I felt insane most of that time and confusion was screaming at me. My faith was attacked every step of the way. God pulled the rug out from under my reality. When I found BT God pulled the rug out even more.

I learned that a lot of those hard questions were the flaming arrows of the evil one that were used to attack God's character. They put fear and doubt in my heart. Even this was all a process in my life to strengthen me. I learned to not doubt God even though I didn't have the answer yet. I learned that God is good even though some things make him look bad from our limited sight. I learned that all my thoughts that attacked God's character were not of God. The wrestling I went through was my carnal man wrestling against the will of God.

My son is an alcoholic and has been for years. He is so close to death so many times and my heart aches. I've had to go through such hard lessons through all of that. I've had to learn to accept the unacceptable and do things no mother should have to do.

My grandson and granddaughter have chronic daily migraines.

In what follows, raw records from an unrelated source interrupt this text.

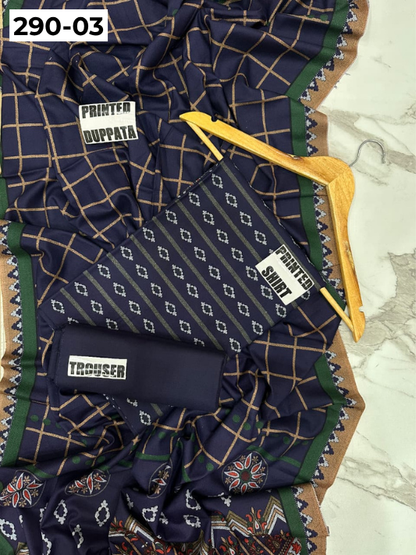 VOL 290 | DS 03 | PREMIUM DHANAK WINTER COLLECTON - DIGITAL PRINTED 3 PIECE SUIT | Printed Shirt with Neck Design | Plain Dyed Matching Trouser | Printed Dupatta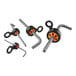 An Ergodyne Squids tool tethering kit with three tools with orange handles.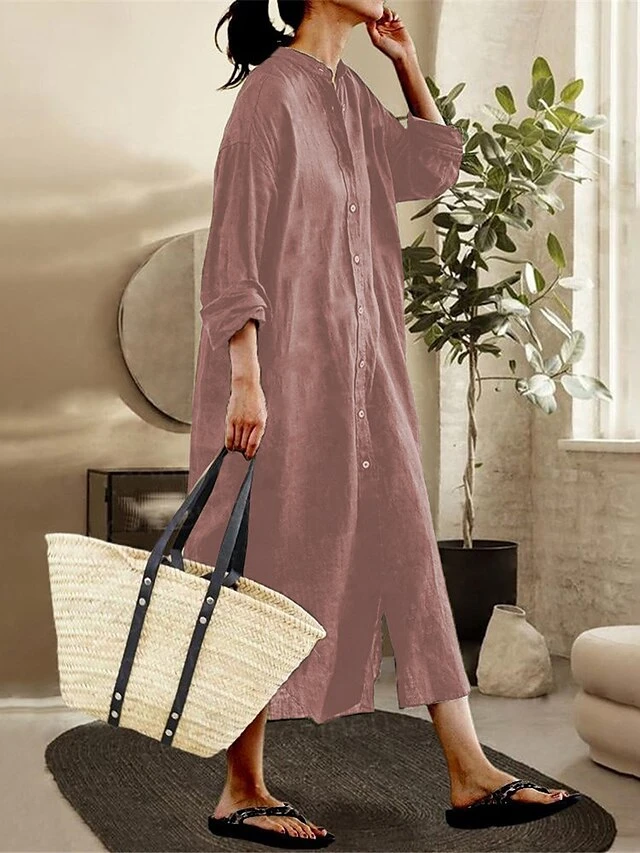 Women's Shirt Dress Casual Dress Cotton Linen Dress Maxi Long Dress Linen / Cotton Blend Basic Classic Outdoor Daily Vacation Crew Neck Button Long Sleeve Spring Fall Winter 2023 Loose Fit ArmyGreen 4 Women's Shirt Dress Casual Dress Cotton Linen Dress Maxi Long Dress Linen / Cotton Blend Basic Classic Outdoor Daily Vacation Crew Neck Button Long Sleeve Spring Fall Winter 2023 Loose Fit ArmyGreen - Image 4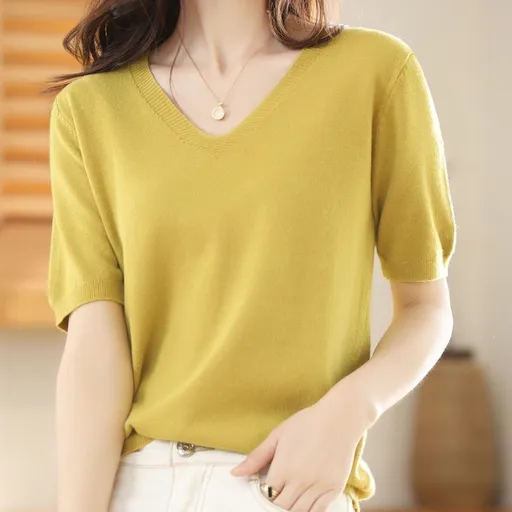 Women V Neck Knit Sweater Half Sleeve Pullover Autumn leaves yellow M Size: M; Height (cm): 160-165; Weight (kg): 50-55; Bust (cm): 86-90; Waist (cm): 70-74; Shoulder width (cm): 38; Length (cm): 60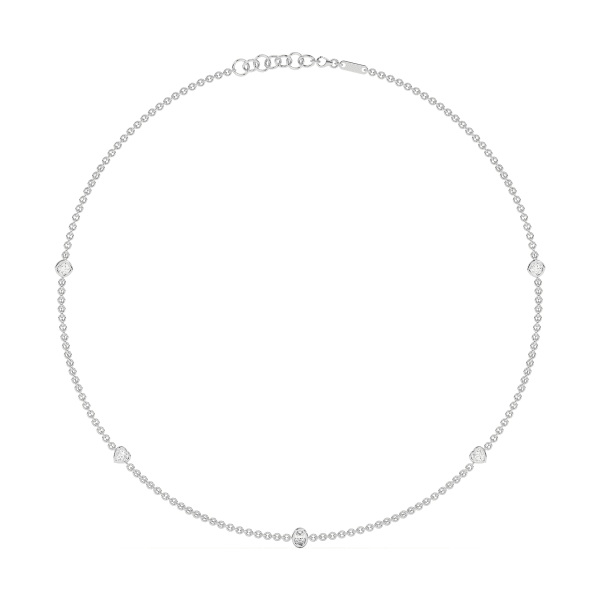 5 Stone Diamond By the Yard Necklace with Oval Heart and Cushion Radiant Shaped Stations in 14K Gold, Default, 14K White Gold,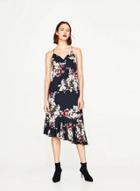 Oasap Classic Floral Print Slip Midi Dress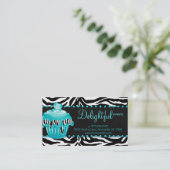 Bakkerij-Visitekaartje Zebra Blauwe cake Harde Sti Visitekaartje (Staand voorkant)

They have never been able to go to school or play like other kids. My grandson hasn't been able to get out of bed for the last six weeks. He has a migraine 24 hours a day now.

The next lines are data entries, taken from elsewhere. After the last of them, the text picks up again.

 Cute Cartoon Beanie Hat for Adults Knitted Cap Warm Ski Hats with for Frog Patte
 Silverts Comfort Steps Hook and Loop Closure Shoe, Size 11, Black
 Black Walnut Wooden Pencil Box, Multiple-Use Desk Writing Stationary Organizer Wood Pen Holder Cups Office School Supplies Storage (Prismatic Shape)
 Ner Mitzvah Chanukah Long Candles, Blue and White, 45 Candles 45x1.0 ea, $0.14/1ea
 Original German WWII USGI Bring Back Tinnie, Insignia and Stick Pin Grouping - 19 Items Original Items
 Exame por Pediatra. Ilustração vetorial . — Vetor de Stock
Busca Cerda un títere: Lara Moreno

I do not have joy through these trials, but God has taught me to accept his will and most of the time I can believe that his plan is good. I do fall into a day of despair now and then though.

Romans 5:3-5

 3And not only this, but we also exult in our tribulations, knowing that tribulation brings about perseverance;

 4and perseverance, proven character; and proven character, hope;

 5and hope does not disappoint, because the love of God has been poured out within our hearts through the Holy Spirit who was given to us.


God has never failed to answer my questions even though it took years sometimes. I had to learn that I could not lean on my own understanding. I think that might be what you are learning now through this process. Just another rug being pulled out from under you. He is faithful though. I might not be able to trust in my own understanding, but I can trust that he understands all and he is in charge of me.